The briefings feature boisterous preachers, choir members and politicians and combine the trappings of religious revivals with partisan campaign rallies. They include emotional appeals to support traditional values and oppose perceived threats to those values. Last year, leaders encouraged pastors to register 300,000 new Texas voters during planned statewide “Citizen Sunday” events at their churches. The ostensible goal was to register churchgoers and get them to the polls to support a state constitutional amendment banning same-sex marriage. (Voters overwhelmingly approved the amendment.) But there were other clear beneficiaries of this effort, most obviously Governor Perry.

The conservative Republican incumbent, who could face as many as four challengers on a fractured November general election ballot, spoke at each of the Texas pastors’ briefings in 2005. Members of his staff and other Republican operatives joined him, all singing the governor’s praises. In addition, the vast mailing list compiled through these briefings has apparently been shared with the governor’s campaign office. The campaign mailed holiday cards to briefing attendees shortly before Christmas.

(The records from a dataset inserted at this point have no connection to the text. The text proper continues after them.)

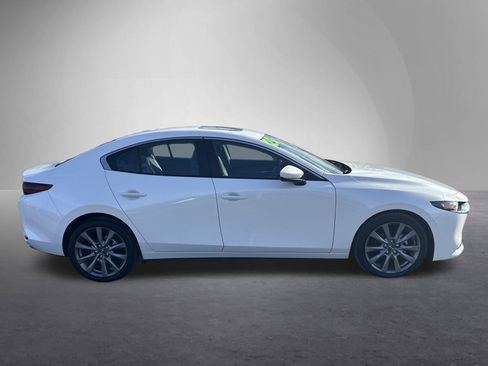 Used 2025 MAZDA MAZDA3 s image 2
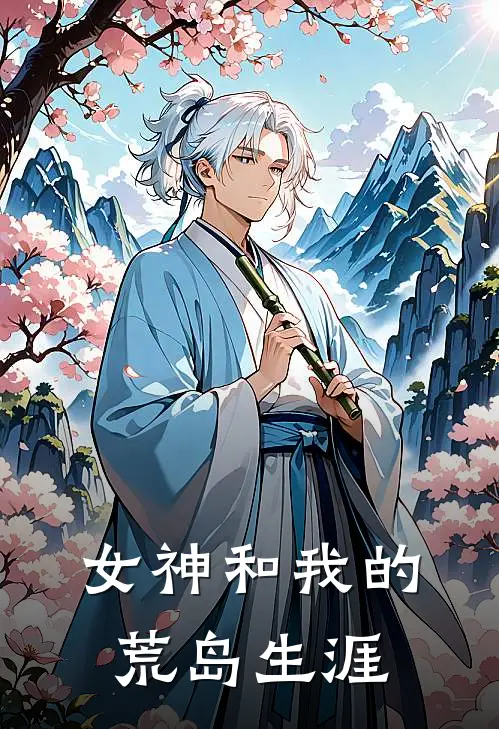 女神和我的荒岛生涯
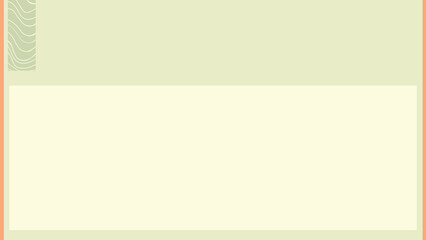 Fototapeta premium Pastel background set no. 3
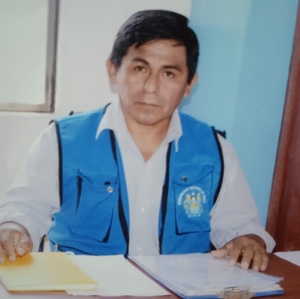 Santiago Jerver Sarasi Anampa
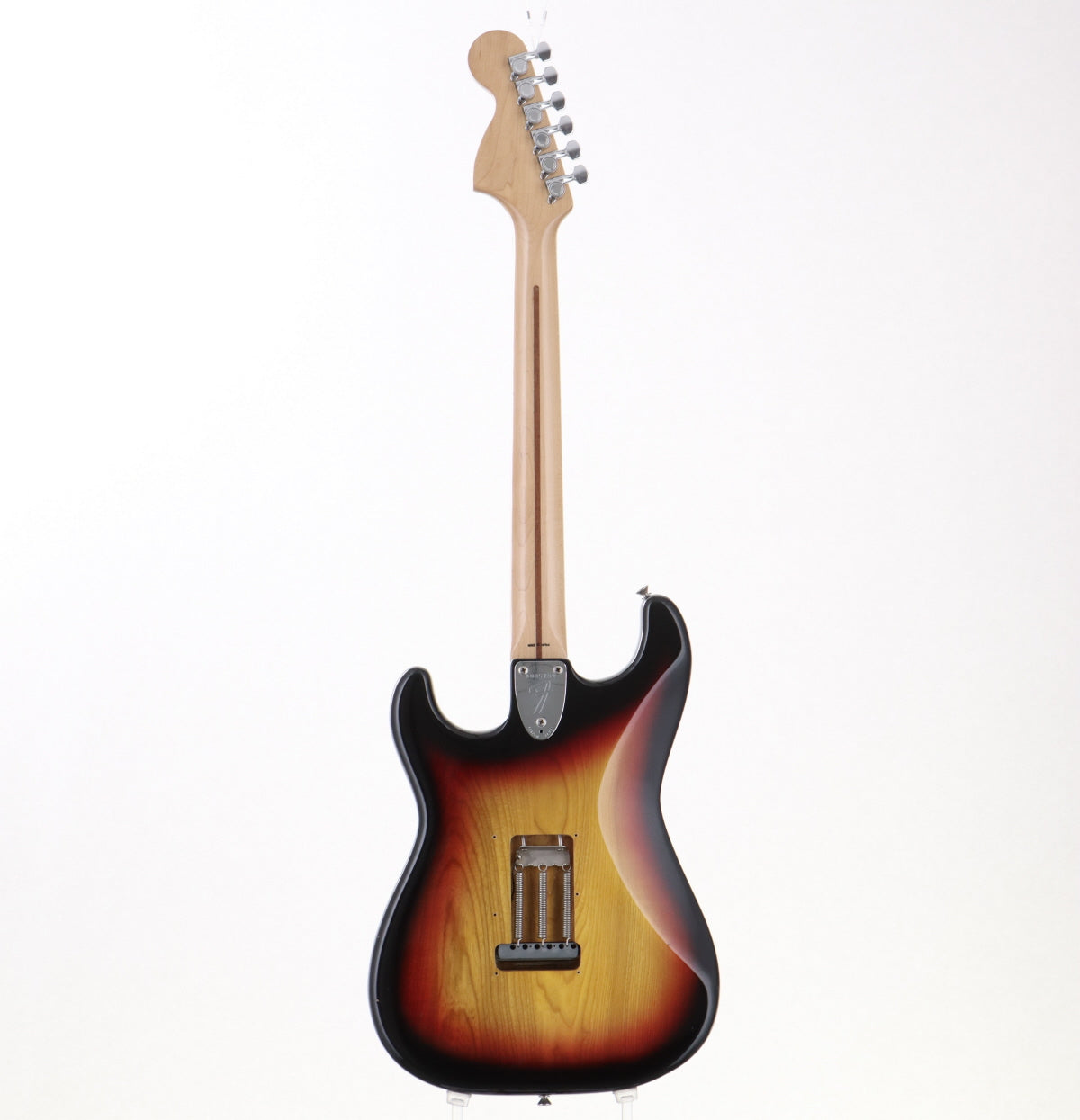 [SN MIJ A005789] USED FENDER JAPAN / ST72-55 A Serial 3TS [06]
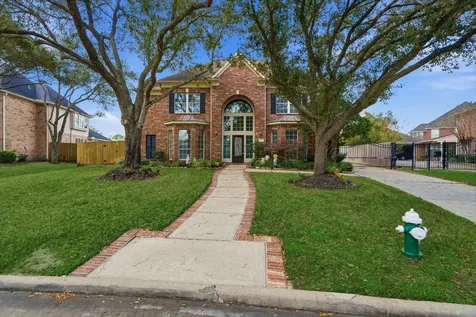 19627 Desert Ivy Drive Houston TX 77094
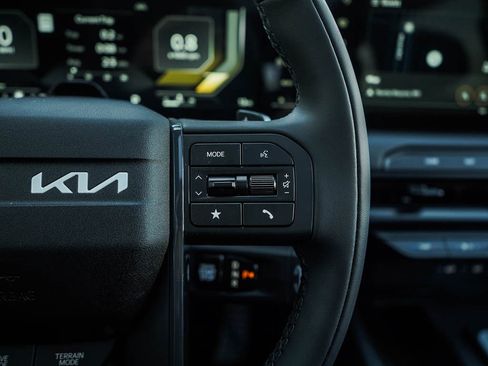 New 2027 Kia Telluride SX X-Pro AWD/4WD image 23
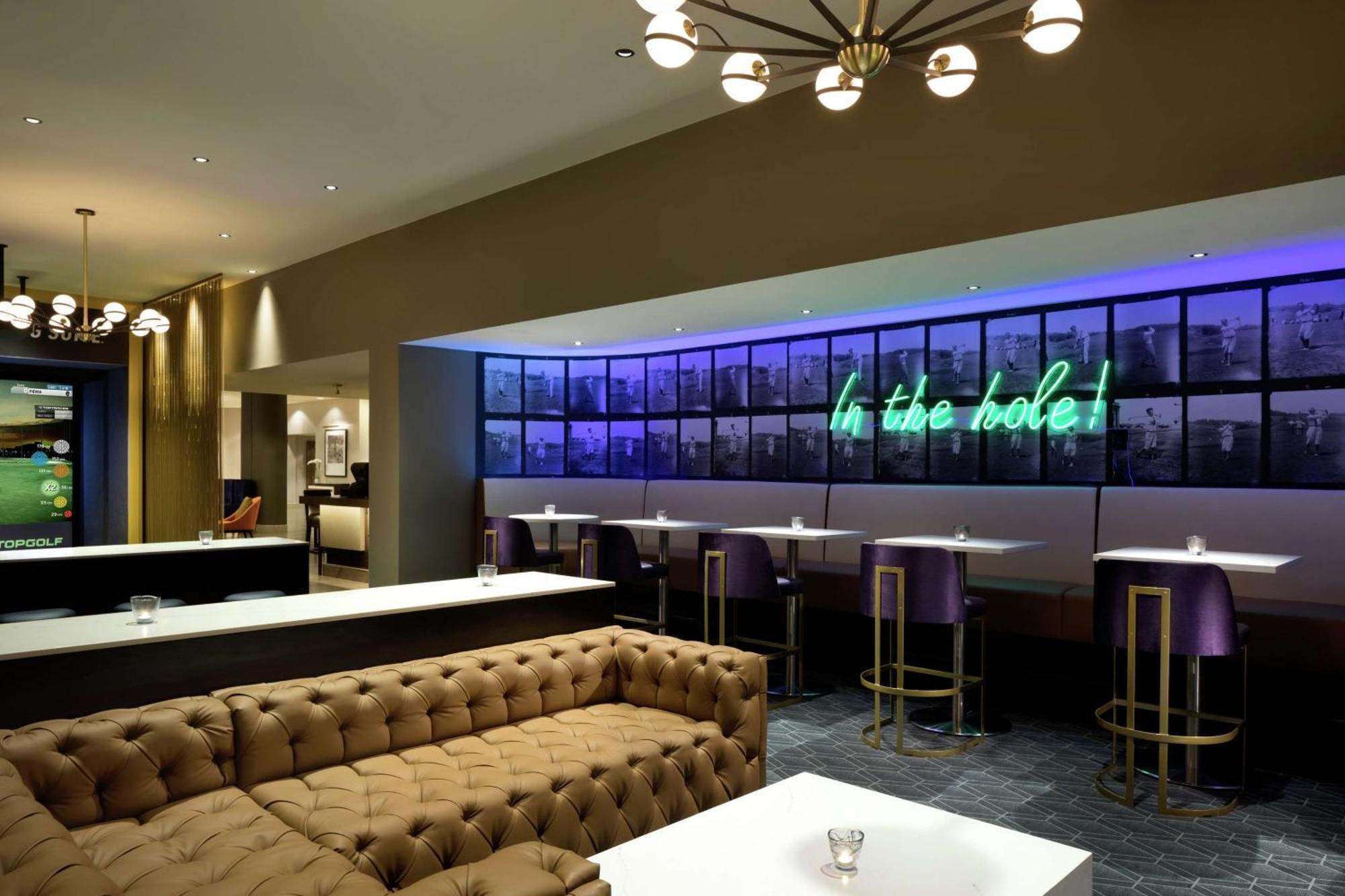 Doubletree By Hilton Campbell Centre Hotel 4*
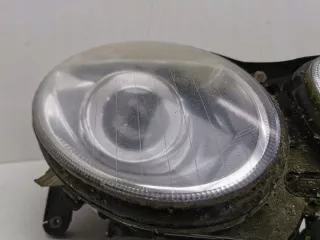A0028202426 Фара правая Mercedes E W211 Арт e11858348, вид 11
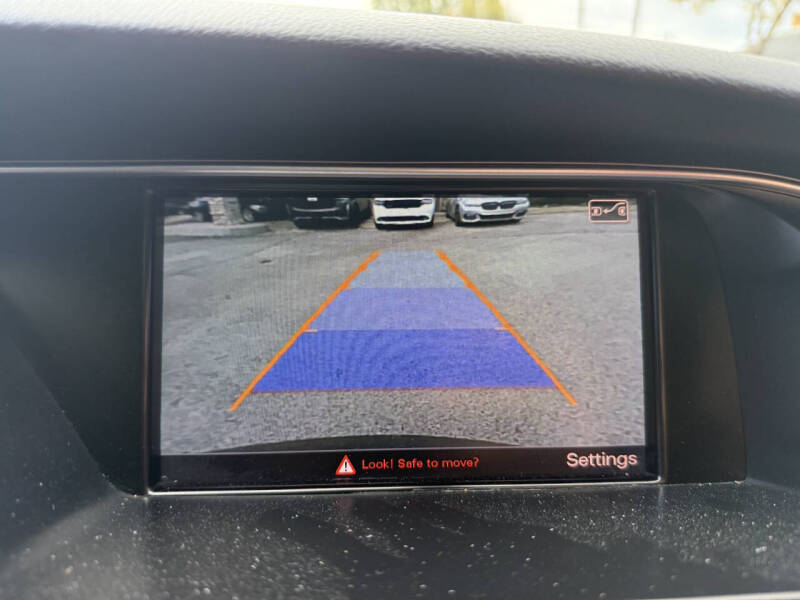 2015 Audi S5 3.0T quattro Premium Plus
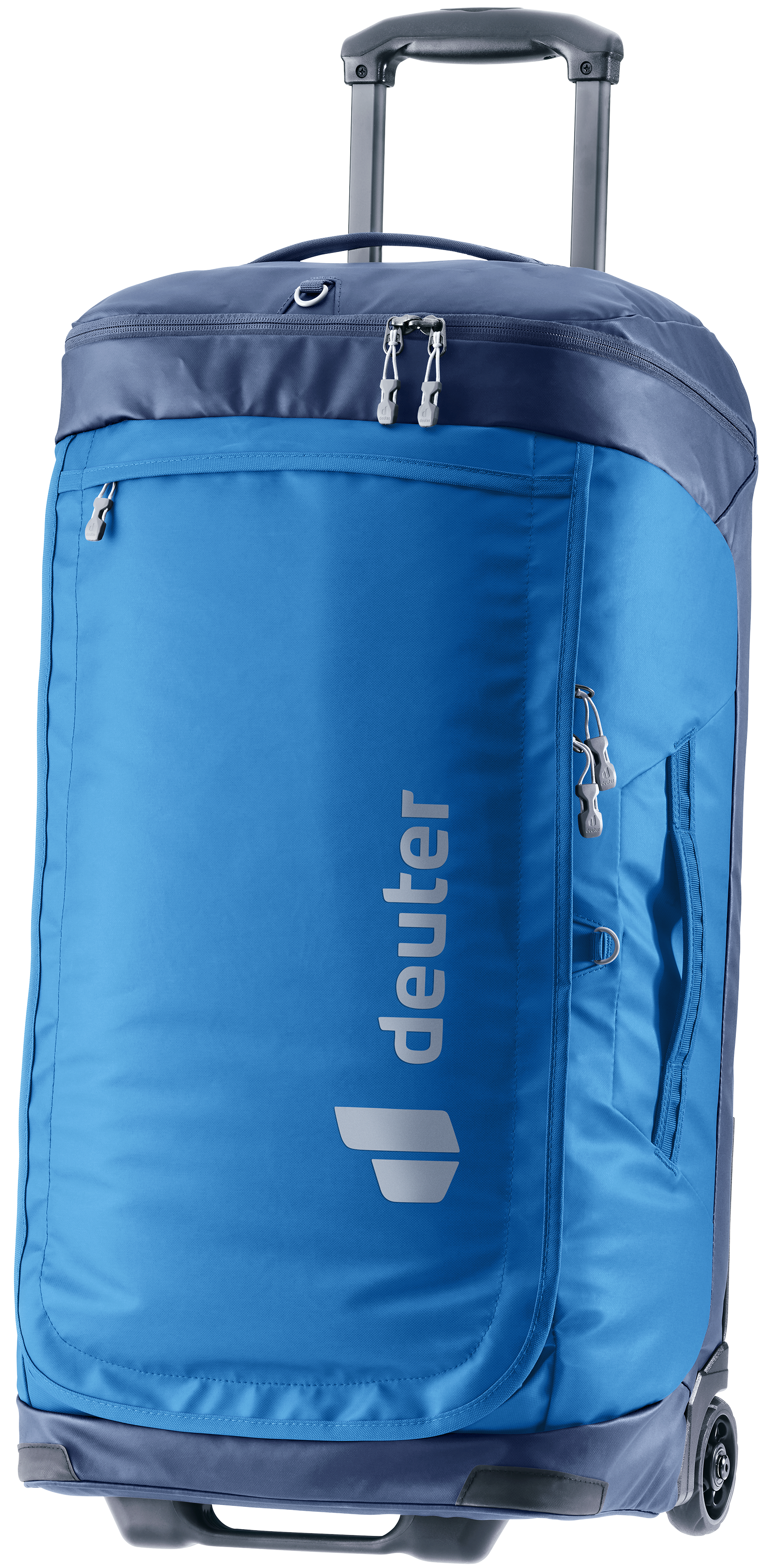 Duffel Pro Movo 60 - Luggage - neptune nightblue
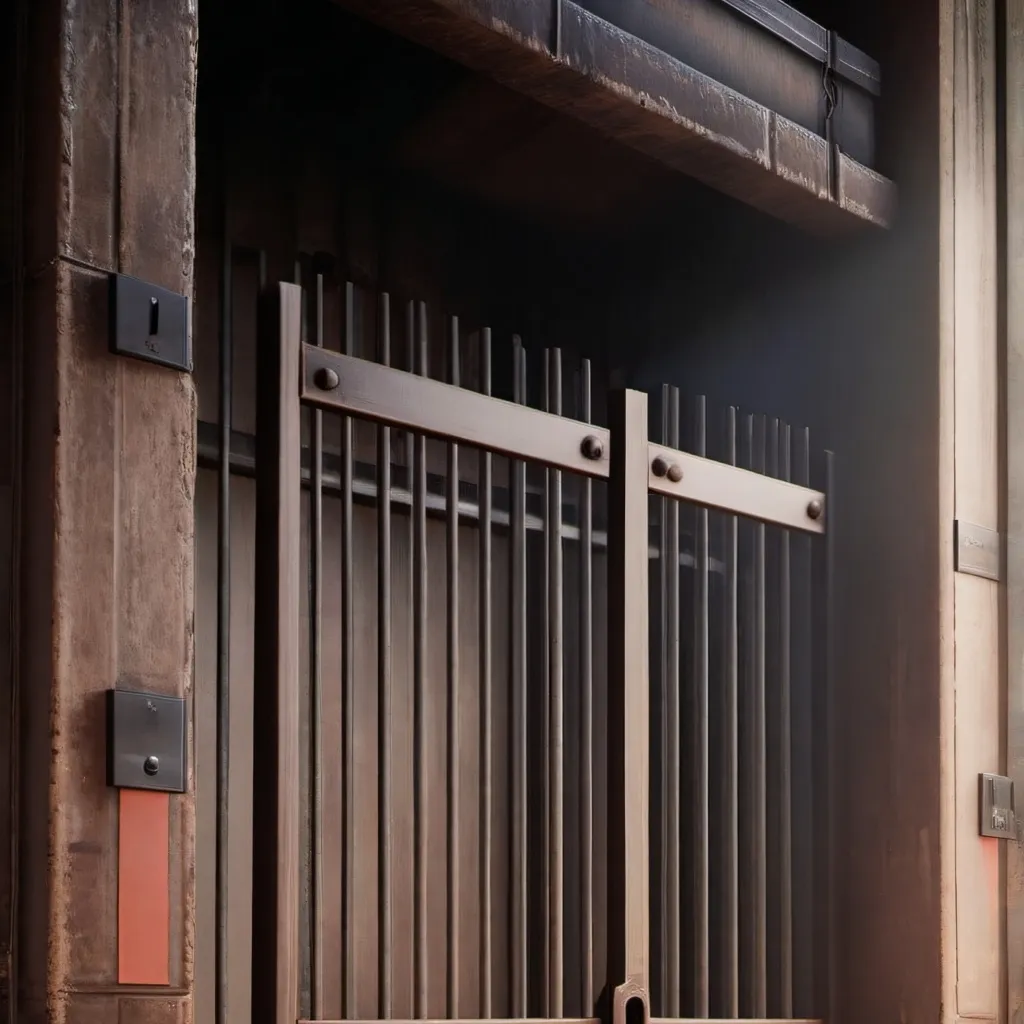 chat with ai character: Barry's Prison Run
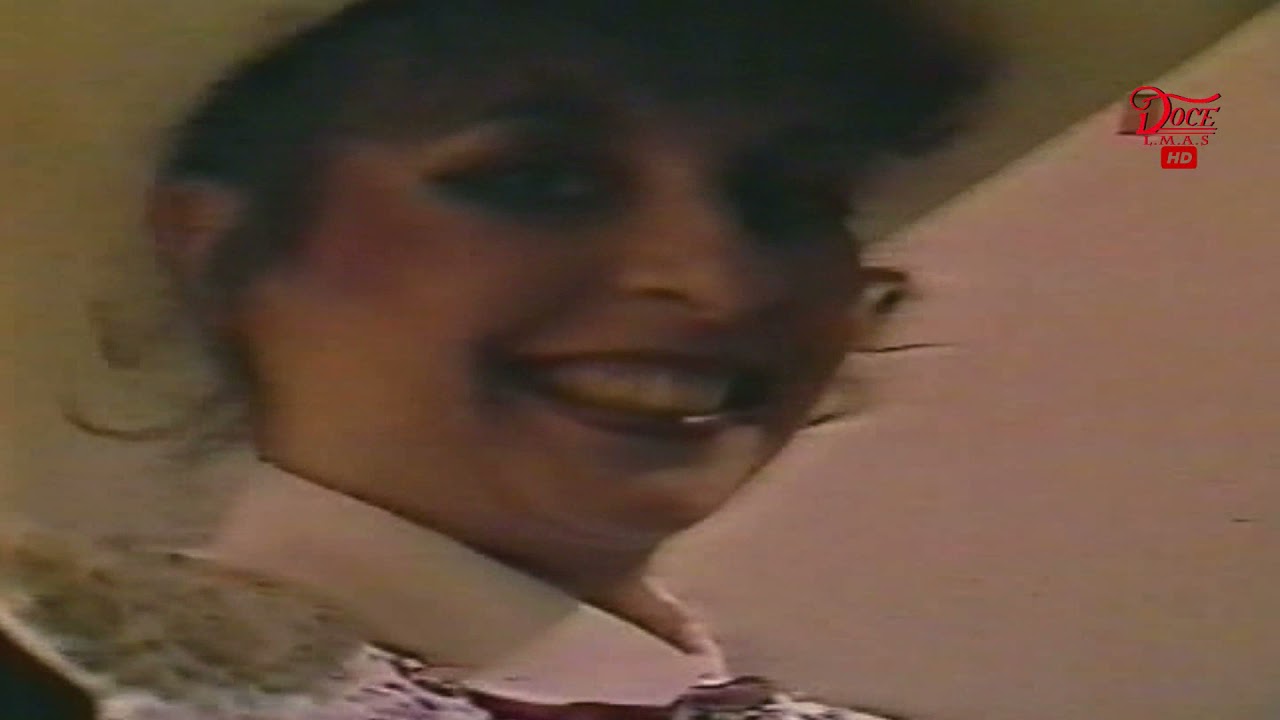 Doce - Festival RTP da canção 1982 (Entrega do Prémio)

Aides to Perry deny that his campaign is tied to the Texas Restoration Project or its leaders. But those aides have acknowledged that passing the constitutional ban on same-sex marriage was key to the governor’s reelection efforts.

Although Restoration Project leaders claim that they will not endorse a candidate, Perry has been the sole gubernatorial candidate to speak at the Texas briefings. Similarly, Kenneth Blackwell, Ohio’s Republican secretary of state and a gubernatorial candidate, has been a familiar face at his state’s Restoration Project events.

The Texas Faith Network and other religious-liberty groups worry that the Restoration Project is encouraging pastors to cross the line that properly separates preaching from politicking. Last fall the Texas Faith Network’s parent organization, the Texas Freedom Network, asked authorities to investigate whether the Restoration Project is abiding by the state’s election laws. A pastors group in Ohio has asked the Internal Revenue Service to consider whether two churches associated with the Ohio Restoration Project have improperly coordinated with Blackwell’s campaign.

Rulings on these complaints are pending. Ultimately the only real check on politicking in churches may well be the men and women who stand in the pulpits.